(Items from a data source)
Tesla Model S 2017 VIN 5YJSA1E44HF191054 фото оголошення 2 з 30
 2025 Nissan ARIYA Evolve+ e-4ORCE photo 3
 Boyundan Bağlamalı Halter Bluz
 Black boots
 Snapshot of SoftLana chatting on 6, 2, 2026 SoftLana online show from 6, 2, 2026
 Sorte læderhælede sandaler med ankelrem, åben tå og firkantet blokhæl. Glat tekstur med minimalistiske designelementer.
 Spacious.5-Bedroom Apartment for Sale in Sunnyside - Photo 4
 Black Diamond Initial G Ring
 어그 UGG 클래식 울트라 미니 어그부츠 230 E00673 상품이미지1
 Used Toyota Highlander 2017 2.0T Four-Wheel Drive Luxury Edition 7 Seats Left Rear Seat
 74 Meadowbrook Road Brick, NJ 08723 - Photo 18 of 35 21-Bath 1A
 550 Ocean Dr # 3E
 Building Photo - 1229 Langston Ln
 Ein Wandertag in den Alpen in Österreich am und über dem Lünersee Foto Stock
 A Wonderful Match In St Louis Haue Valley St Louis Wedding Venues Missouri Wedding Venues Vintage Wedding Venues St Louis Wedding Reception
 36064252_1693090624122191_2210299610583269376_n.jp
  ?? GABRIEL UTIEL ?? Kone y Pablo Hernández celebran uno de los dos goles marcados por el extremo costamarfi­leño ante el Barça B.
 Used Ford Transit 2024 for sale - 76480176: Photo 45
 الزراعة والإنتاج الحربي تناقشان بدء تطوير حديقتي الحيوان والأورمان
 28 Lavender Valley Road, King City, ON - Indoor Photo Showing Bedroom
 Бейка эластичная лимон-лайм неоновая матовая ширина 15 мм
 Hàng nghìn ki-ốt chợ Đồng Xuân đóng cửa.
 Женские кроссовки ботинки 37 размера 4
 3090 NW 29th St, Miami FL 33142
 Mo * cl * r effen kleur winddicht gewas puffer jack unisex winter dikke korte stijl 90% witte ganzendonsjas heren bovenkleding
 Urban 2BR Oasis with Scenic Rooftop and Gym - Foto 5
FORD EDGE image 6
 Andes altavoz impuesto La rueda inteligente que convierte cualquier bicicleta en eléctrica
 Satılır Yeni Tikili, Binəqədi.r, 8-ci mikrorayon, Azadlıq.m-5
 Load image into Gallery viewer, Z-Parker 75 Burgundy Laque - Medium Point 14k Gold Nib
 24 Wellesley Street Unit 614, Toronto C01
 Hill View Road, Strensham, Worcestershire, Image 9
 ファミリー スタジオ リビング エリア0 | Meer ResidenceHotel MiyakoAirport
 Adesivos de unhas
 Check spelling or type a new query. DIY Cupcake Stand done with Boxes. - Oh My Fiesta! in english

### [Exercise goal]
Every single entry is to be retyped exactly.

### [Exercise output]
Tesla Model S 2017 VIN 5YJSA1E44HF191054 фото оголошення 2 з 30
 2025 Nissan ARIYA Evolve+ e-4ORCE photo 3
 Boyundan Bağlamalı Halter Bluz
 Black boots
 Snapshot of SoftLana chatting on 6, 2, 2026 SoftLana online show from 6, 2, 2026
 Sorte læderhælede sandaler med ankelrem, åben tå og firkantet blokhæl. Glat tekstur med minimalistiske designelementer.
 Spacious.5-Bedroom Apartment for Sale in Sunnyside - Photo 4
 Black Diamond Initial G Ring
 어그 UGG 클래식 울트라 미니 어그부츠 230 E00673 상품이미지1
 Used Toyota Highlander 2017 2.0T Four-Wheel Drive Luxury Edition 7 Seats Left Rear Seat
 74 Meadowbrook Road Brick, NJ 08723 - Photo 18 of 35 21-Bath 1A
 550 Ocean Dr # 3E
 Building Photo - 1229 Langston Ln
 Ein Wandertag in den Alpen in Österreich am und über dem Lünersee Foto Stock
 A Wonderful Match In St Louis Haue Valley St Louis Wedding Venues Missouri Wedding Venues Vintage Wedding Venues St Louis Wedding Reception
 36064252_1693090624122191_2210299610583269376_n.jp
  ?? GABRIEL UTIEL ?? Kone y Pablo Hernández celebran uno de los dos goles marcados por el extremo costamarfi­leño ante el Barça B.
 Used Ford Transit 2024 for sale - 76480176: Photo 45
 الزراعة والإنتاج الحربي تناقشان بدء تطوير حديقتي الحيوان والأورمان
 28 Lavender Valley Road, King City, ON - Indoor Photo Showing Bedroom
 Бейка эластичная лимон-лайм неоновая матовая ширина 15 мм
 Hàng nghìn ki-ốt chợ Đồng Xuân đóng cửa.
 Женские кроссовки ботинки 37 размера 4
 3090 NW 29th St, Miami FL 33142
 Mo * cl * r effen kleur winddicht gewas puffer jack unisex winter dikke korte stijl 90% witte ganzendonsjas heren bovenkleding
 Urban 2BR Oasis with Scenic Rooftop and Gym - Foto 5
FORD EDGE image 6
 Andes altavoz impuesto La rueda inteligente que convierte cualquier bicicleta en eléctrica
 Satılır Yeni Tikili, Binəqədi.r, 8-ci mikrorayon, Azadlıq.m-5
 Load image into Gallery viewer, Z-Parker 75 Burgundy Laque - Medium Point 14k Gold Nib
 24 Wellesley Street Unit 614, Toronto C01
 Hill View Road, Strensham, Worcestershire, Image 9
 ファミリー スタジオ リビング エリア0 | Meer ResidenceHotel MiyakoAirport
 Adesivos de unhas
 Check spelling or type a new query. DIY Cupcake Stand done with Boxes. - Oh My Fiesta! in english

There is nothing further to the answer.